You will need to harden off your tomato seedlings before planting them in the garden. You can accomplish this by exposing them to outdoor temperatures for increasingly longer periods of time over a week or several days. Choose good-sized containers for transplanting your seedlings, or plant in your garden once the seedlings are at least six inches tall, and all danger of frost has passed.

Potting and Repotting

Most tomatoes grow easily in containers, with a few simple guidelines to follow, and Celebrity tomatoes are no exception. The most important tip for growing tomatoes in pots is to make sure the pots are big enough! Tomato root systems require a good amount of space and good drainage. Once transplanted a light watering will help avoid transplant shock. When you are ready to plant out in the garden, dig a deep hole and remove the seed leaves and up to several sets of lower leaves depending on the size of your seedlings.
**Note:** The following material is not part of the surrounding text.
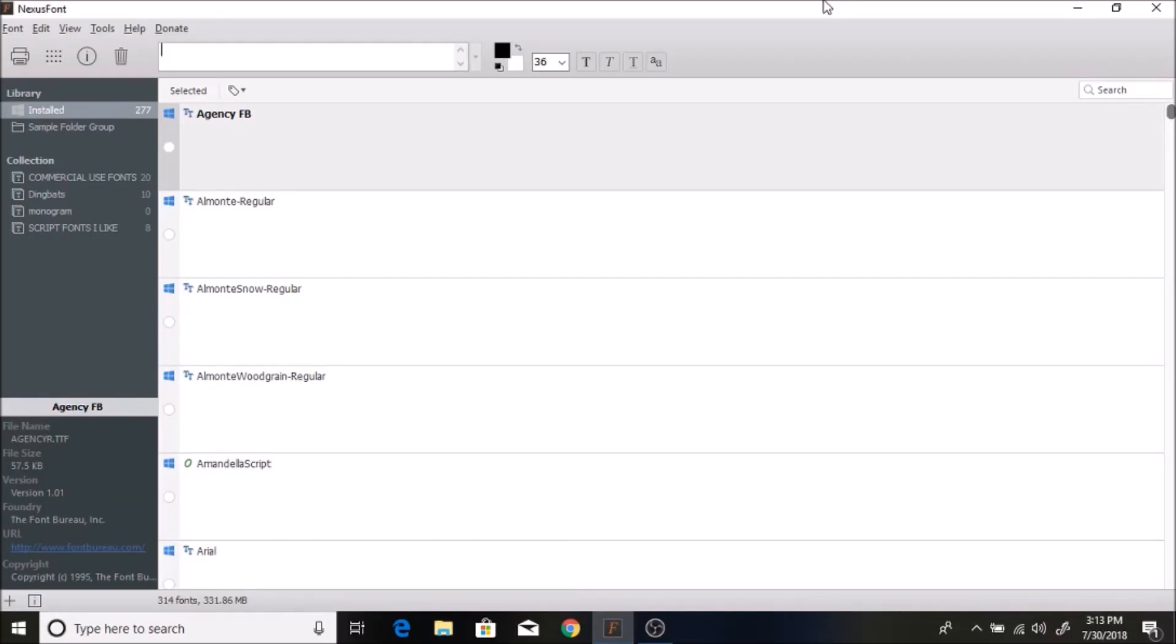Hey guys, welcome back to my channel. Today I'm going to show you a program called Nexus Font. I just recently found this and I'm so excited about it that I had to share it with you guys. It is so convenient and I find I'm using it so much. This is just a free download.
You can bury up to a third of the plant in the soil which encourages a strong root system and helps the roots take up available water.

Tip

The story would not be complete without talking about taste and most of us who grow tomatoes in the home garden want a tomato with flavor. Most hybrids, including Celebrity will not stand up to heirloom varieties in this regard, but Celebrity is considered to have robust flavor with a nice balance between sweetness and acidity. The versatility of this hybrid, which can be utilized for canning, fresh eating, and sauces, along with its excellent disease resistance make it a variety worth the space in your vegetable garden.